[Excerpts from a dataset]
····················
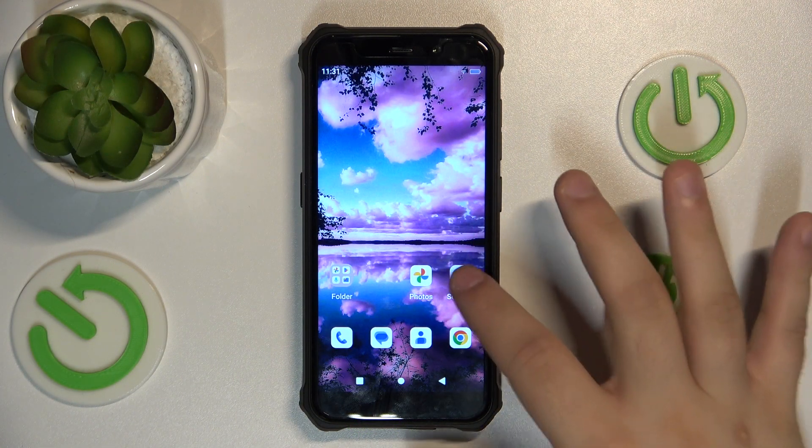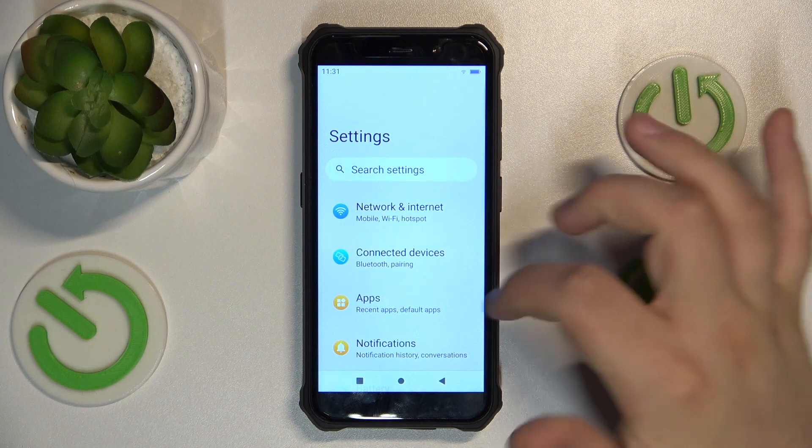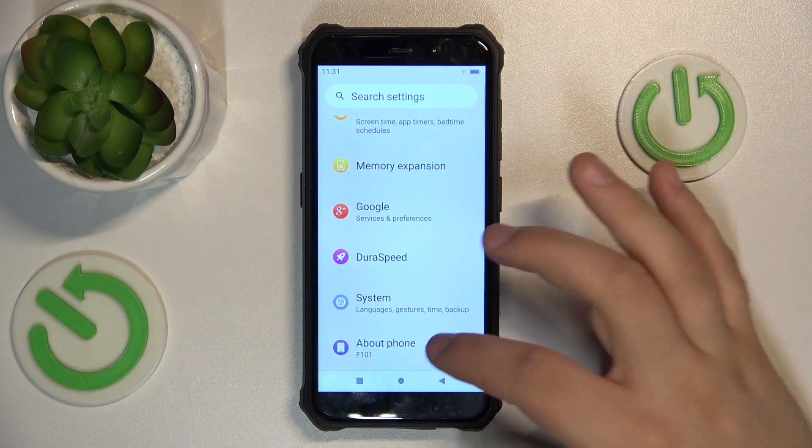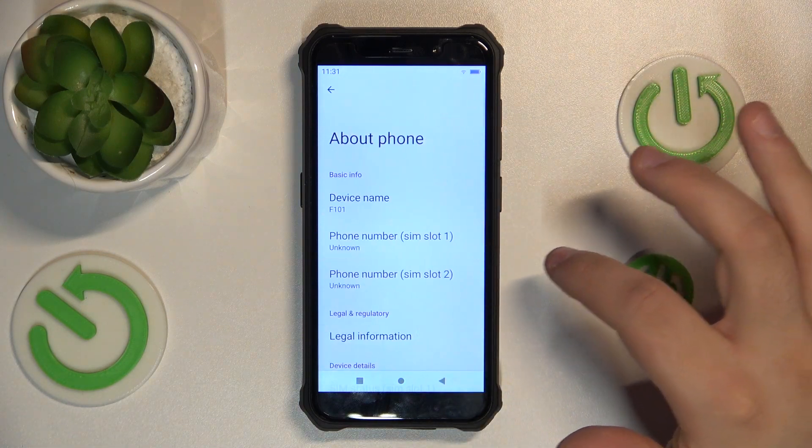First, go into settings. Now you can scroll to the very bottom and tap About Phone.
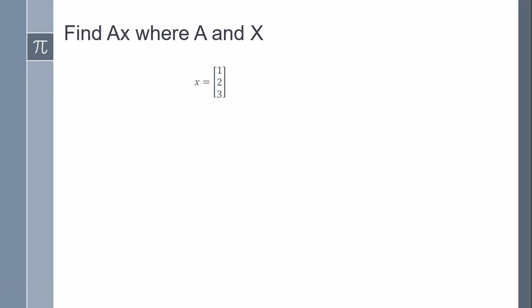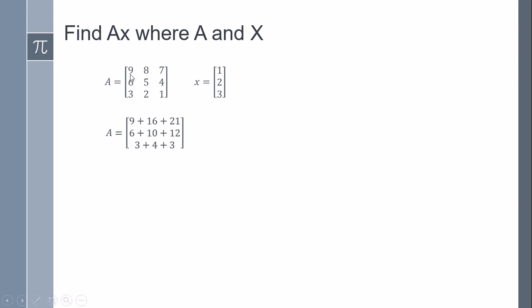Hi everyone, in this video we're going to find AX, which is the multiplication of the matrix A by the matrix X. The matrix A is a 3 by 3 matrix, and X is a 3 by 1 matrix. Okay, so how are we going to proceed?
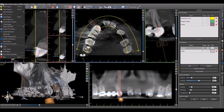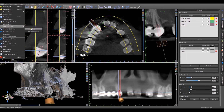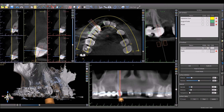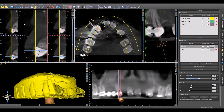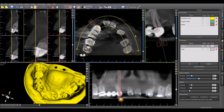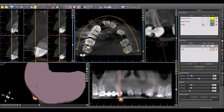Import a model by going to file, import DICOMs, and choosing to either import an impression scan — which will invert directly in Blue Sky Plan — a model scan, or use import STL model to import an STL model. In this case, I imported the impression scan and inverted it directly in Blue Sky Plan to create a model.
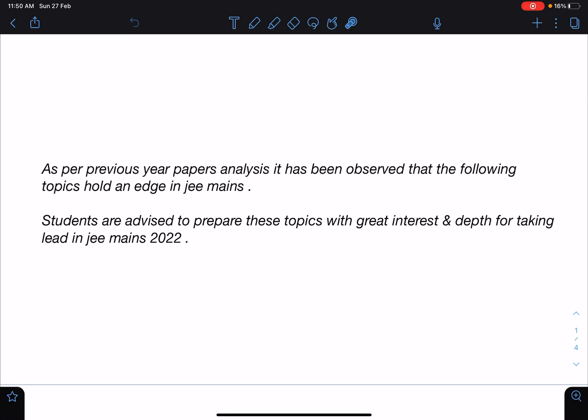As per previous years' paper analysis, it has been observed that the following topics hold an edge in JEE Mains, and you can see that very frequently questions from these areas have come. So it's my advice to all the students who are writing JEE Mains 2022 that you must prepare these topics with great interest and depth, and surely it is going to give you an edge over your competitors.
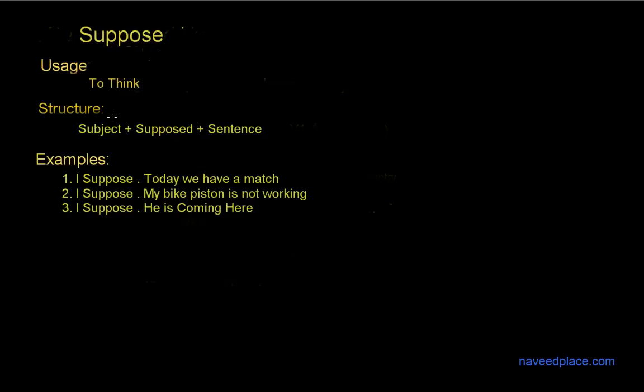The structure is here: subject plus suppose plus sentence. So definitely first we use subject. Here we have subject I, or you can say he, she, definitely here. So definitely here we have suppose, then we have suppose and definitely sentence means any sentence. For example, present sentence, past sentence, future sentence, any sentence.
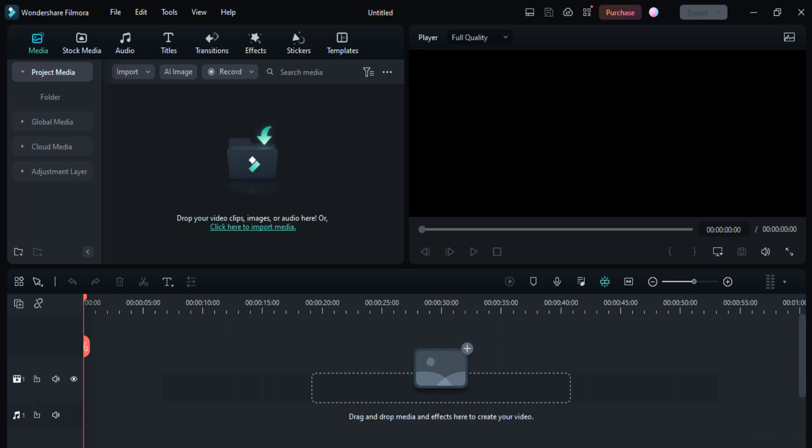Hey guys, welcome back to my channel. In today's video I am going to show you how you can record and edit your voiceover in Filmora 12. If you use Filmora 12 for video editing, you don't need any external software to record or edit your audio. You can easily and professionally do audio editing and record your voiceover here using just one click.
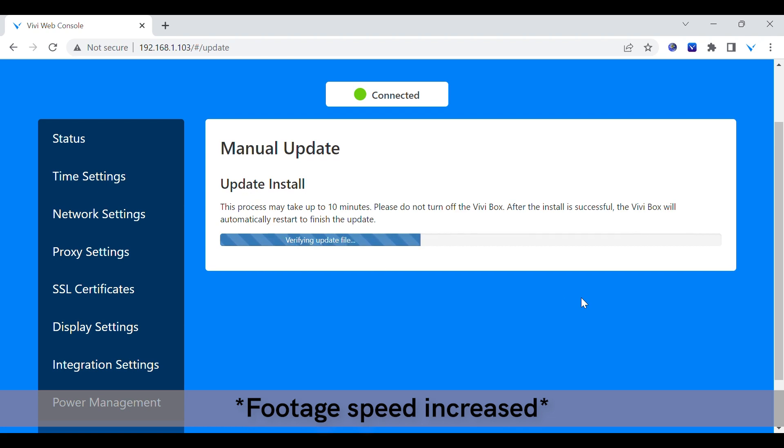This process can take several minutes, however on-screen information will let you know how the update is progressing.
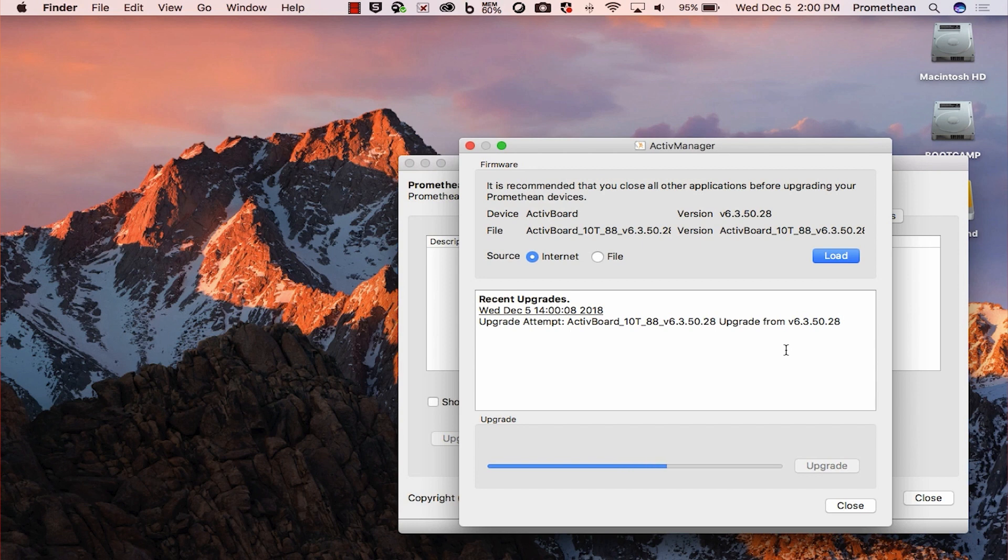The active board will need to restart once the update is complete. A message will appear to confirm. Click OK to close the message.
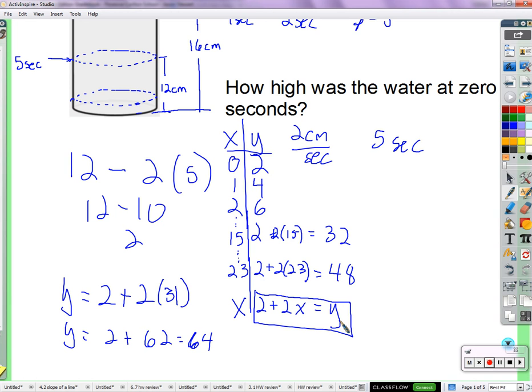Two times the number of seconds, because 2 centimeters per second times the number of seconds, plus the two we started with, gives us the height. So this is an equation with variables — any time can be plugged in and it finds the height at that time. If you just have a number there, it doesn't do that. Like 2 plus 2 times 23 equals 48 — that's an example of finding the height at 23 seconds, but it's not a formula I can use to plug in any number. I want an equation that gives me the height at any time.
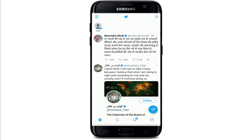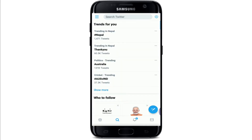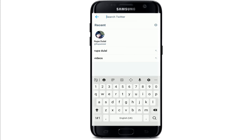Simply tap open Twitter, then tap on the search icon located at the bottom, and search for the contact you want to find out about. Tap open the profile of the person. If the person has blocked you, you'll be able to see a message saying 'You've been blocked.' If you've been blocked, you won't be able to see their profile; if you can see it, the person has not blocked you.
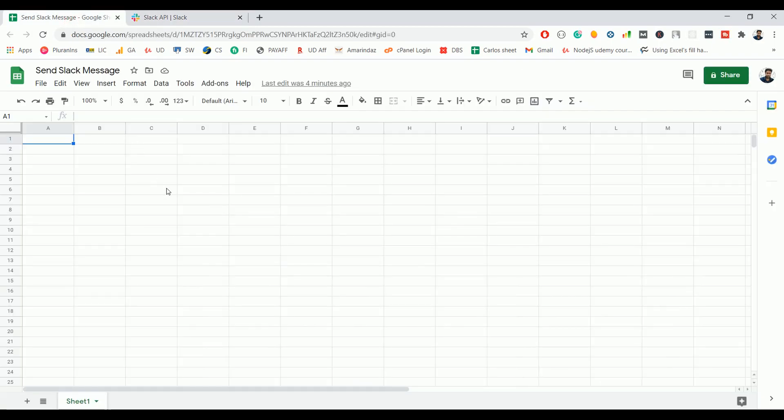Hello everyone. In this video we are going to see how to send a Slack message right from your Google Sheet using Google Apps Script. We are going to create a method to send a message to Slack from the sheet. You can use a trigger to send a message on a daily basis at a particular time, or use the event change method on Google Sheet if you want to send a message on a cell change event.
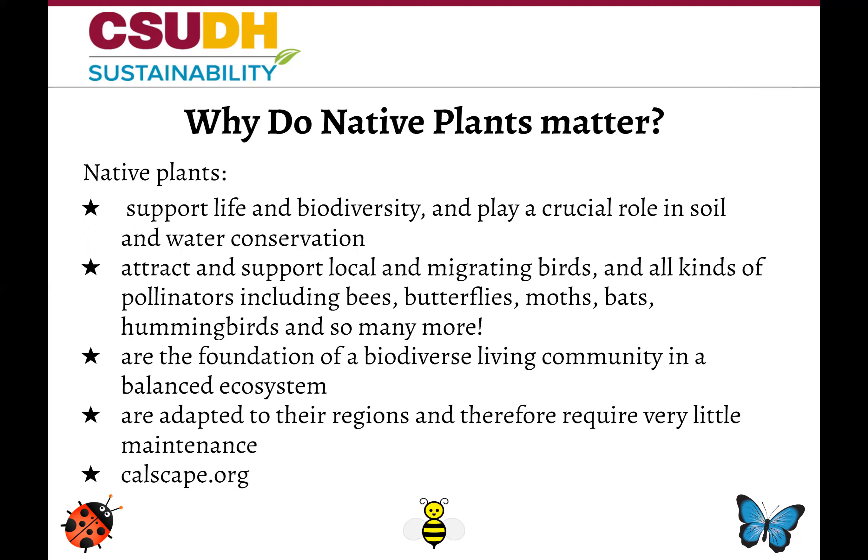If you want to find out more about the plants that you should be planting in your yard, about what plants attract pollinators, or just about anything related to California natives, visit calscape.org.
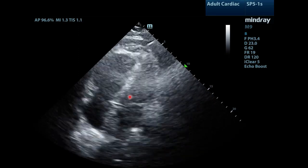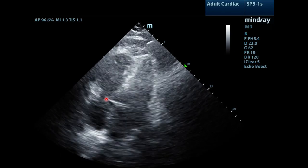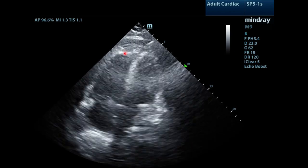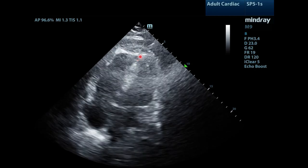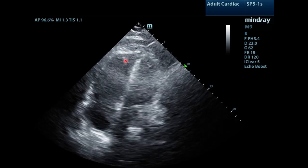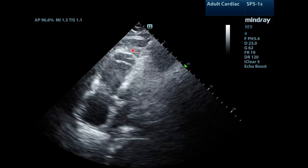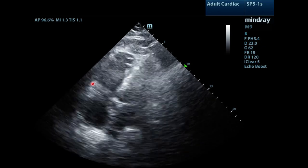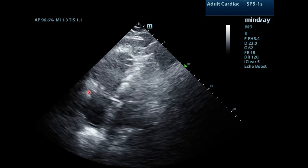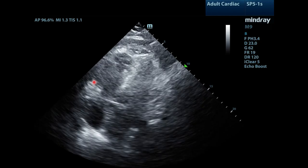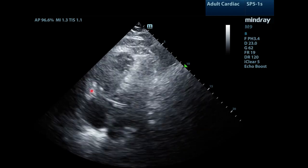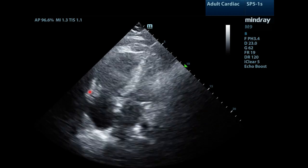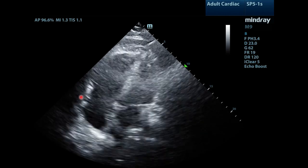Moving to the apical four chamber view, notice that the RV is still large, but the most prominent feature is what we call the apical wink. It's a hypercontractile RV apex that looks like it's winking at you. The free wall of the RV is not moving as well as expected, which is also known as the TAPSE — that is depressed. This is consistent with McConnell's sign, the combination of these two findings.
····················
• [Task details]
From the first line of the records down through the line containing "Import a model", transcribe exactly those lines and no others, both ends kept, pictures dropped.

• [Written reply]
First, go into settings. Now you can scroll to the very bottom and tap About Phone.
Hi everyone, in this video we're going to find AX, which is the multiplication of the matrix A by the matrix X. The matrix A is a 3 by 3 matrix, and X is a 3 by 1 matrix. Okay, so how are we going to proceed?
Import a model by going to file, import DICOMs, and choosing to either import an impression scan — which will invert directly in Blue Sky Plan — a model scan, or use import STL model to import an STL model. In this case, I imported the impression scan and inverted it directly in Blue Sky Plan to create a model.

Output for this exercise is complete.